(Captioned web image data)
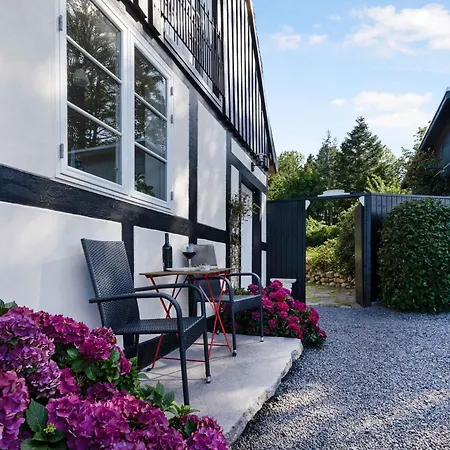 With Breathtaking Sea And Cliff Views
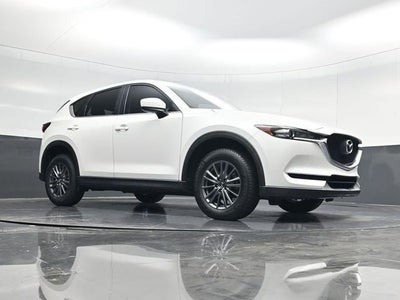 2019 Mazda Mazda CX-5 Sport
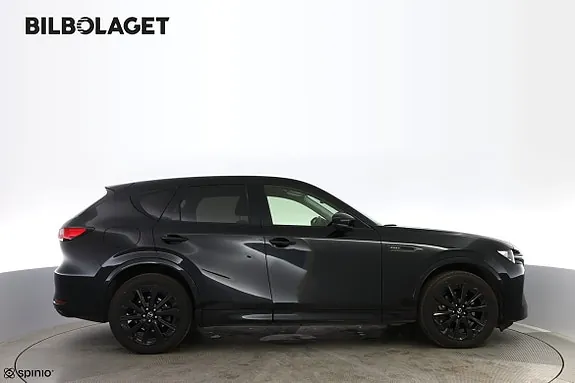 Mazda Cx-60 2023 photo 5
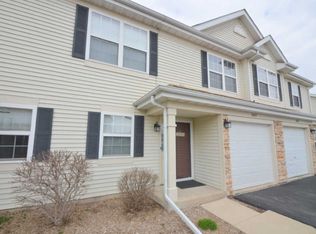 1663 W Chrysler Dr #9, Belvidere, IL 61008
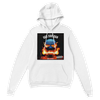 Shot 2 da Head - Classic Unisex Pullover Hoodie
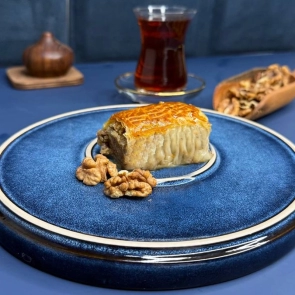 باقلوا اوزل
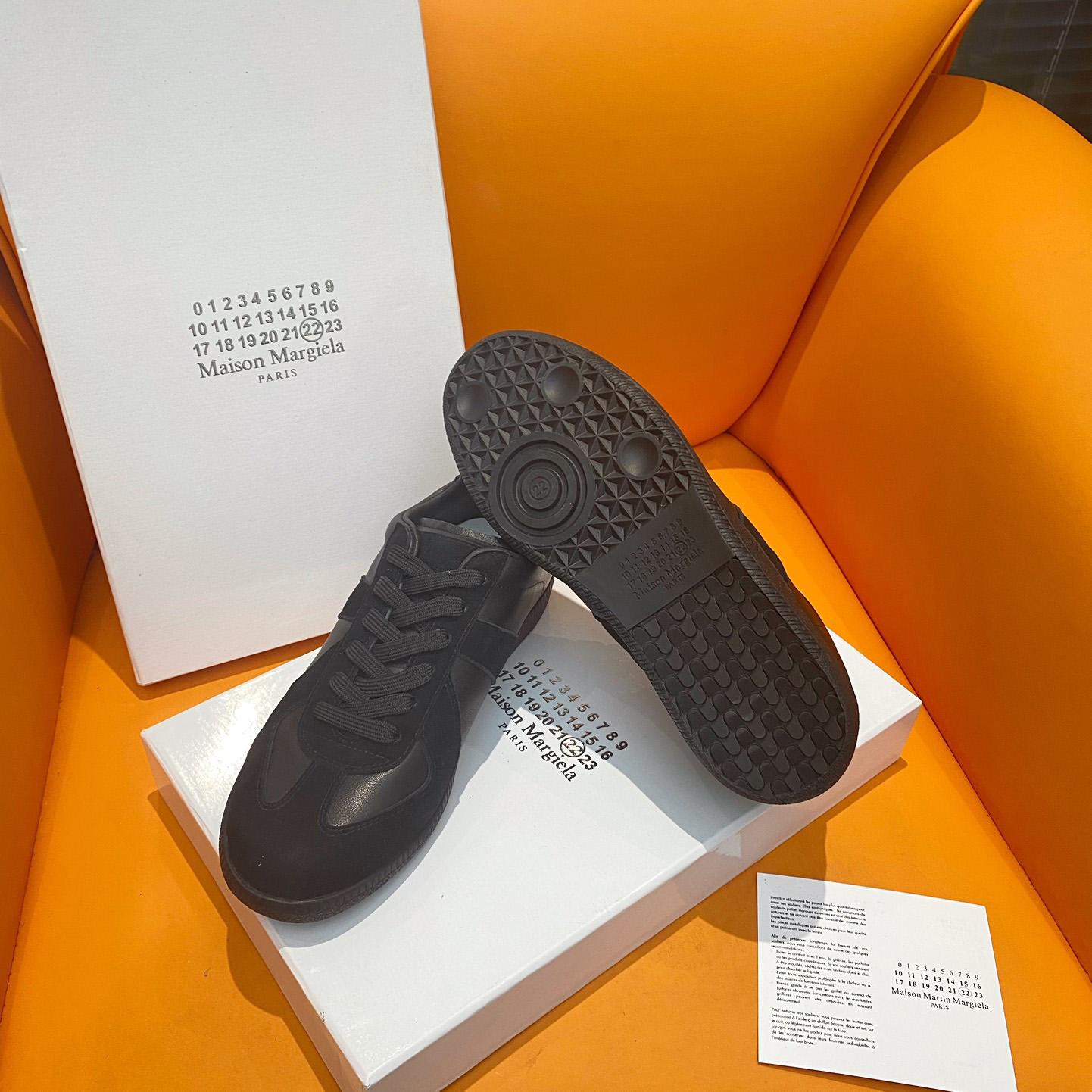 Maison Margiela Replica Low Top Sneakers - PerfectKickZ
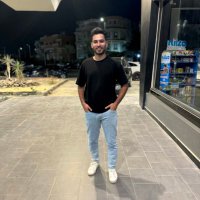 Saif M Fathi (@saif23299) 's Twitter Profile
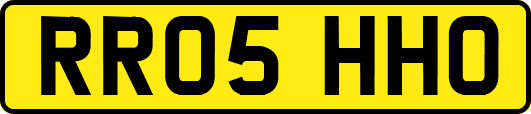 RR05HHO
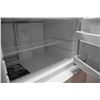 Image 3 : WHITE GE FRIDGE (7 DAY WARRANTY)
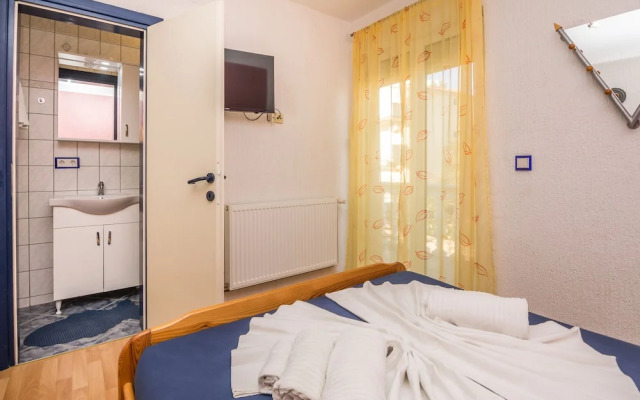 Apartment Kikas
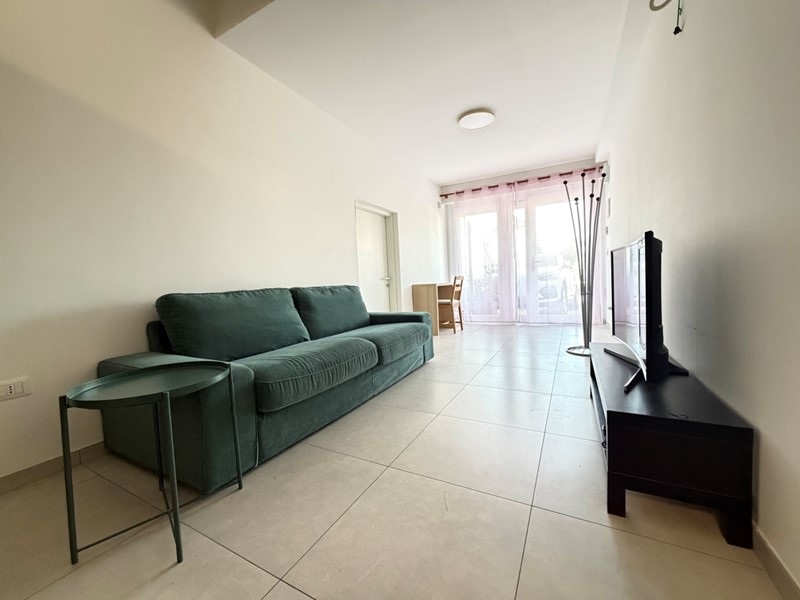 Trilocale in Affitto a Pescara, 500&euro;, 55 m², arredato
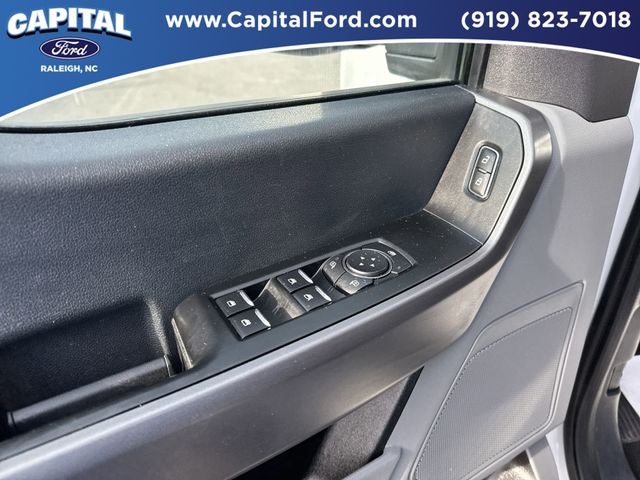 2025 Ford F-250SD XLT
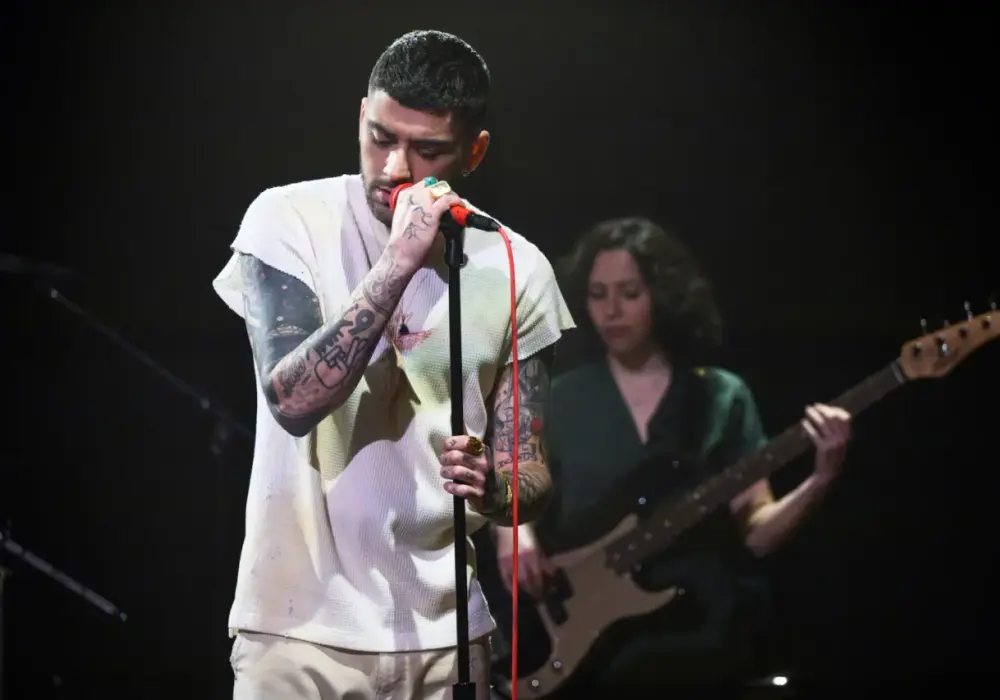 Zayn Malik w Polsce - Kiedy i gdzie kupić bilety na koncerty?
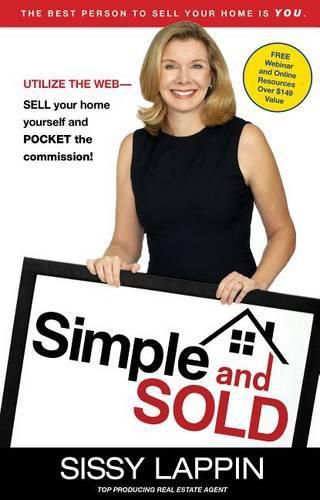 Cover image for Simple and Sold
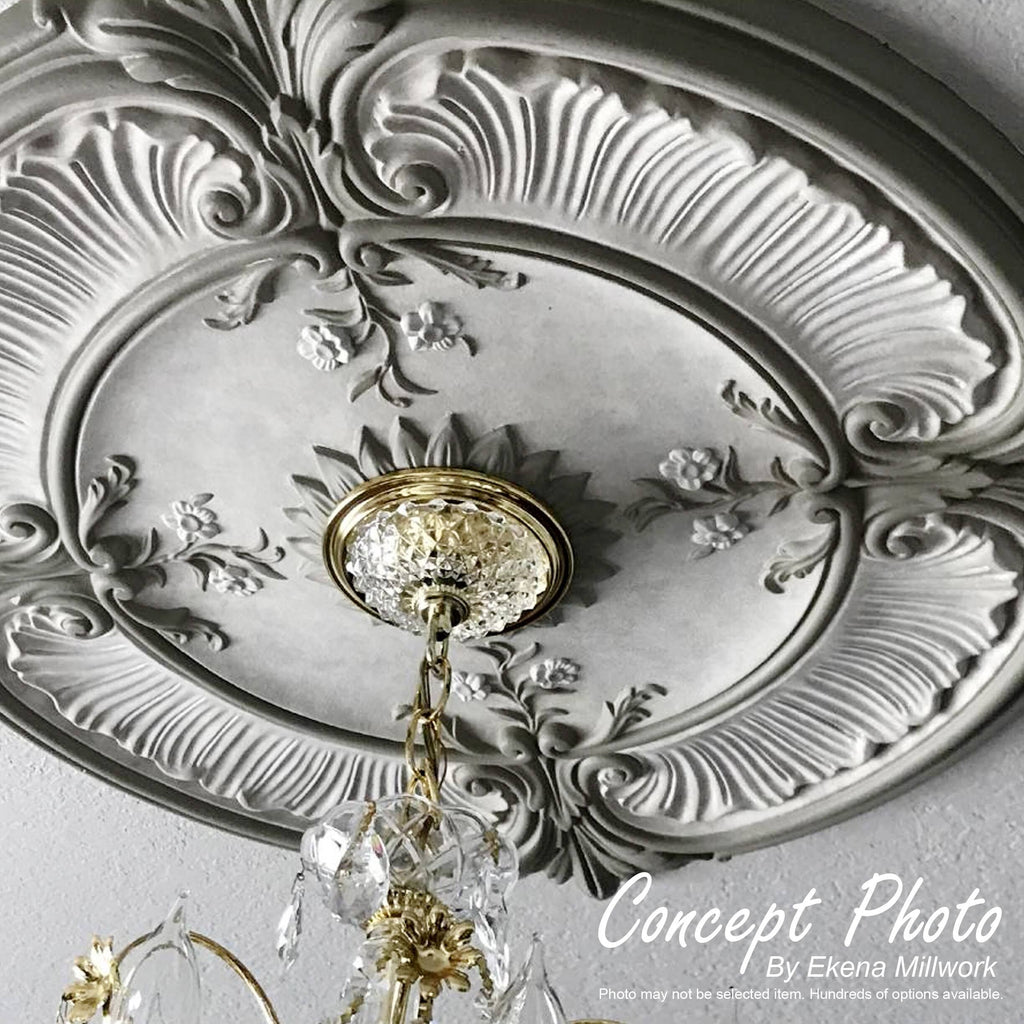 Ceiling Medallion O7499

To do ▸
What you give back must match the entries exactly, apart from the omitted pictures.

Exercise response ▸
 With Breathtaking Sea And Cliff Views
 2019 Mazda Mazda CX-5 Sport
 Mazda Cx-60 2023 photo 5
 1663 W Chrysler Dr #9, Belvidere, IL 61008
 Shot 2 da Head - Classic Unisex Pullover Hoodie
 باقلوا اوزل
 Maison Margiela Replica Low Top Sneakers - PerfectKickZ
 Saif M Fathi (@saif23299) 's Twitter Profile
 RR05HHO
 Image 3 : WHITE GE FRIDGE (7 DAY WARRANTY)
 Apartment Kikas
 Trilocale in Affitto a Pescara, 500&euro;, 55 m², arredato
 2025 Ford F-250SD XLT
 Zayn Malik w Polsce - Kiedy i gdzie kupić bilety na koncerty?
 Cover image for Simple and Sold
 Ceiling Medallion O7499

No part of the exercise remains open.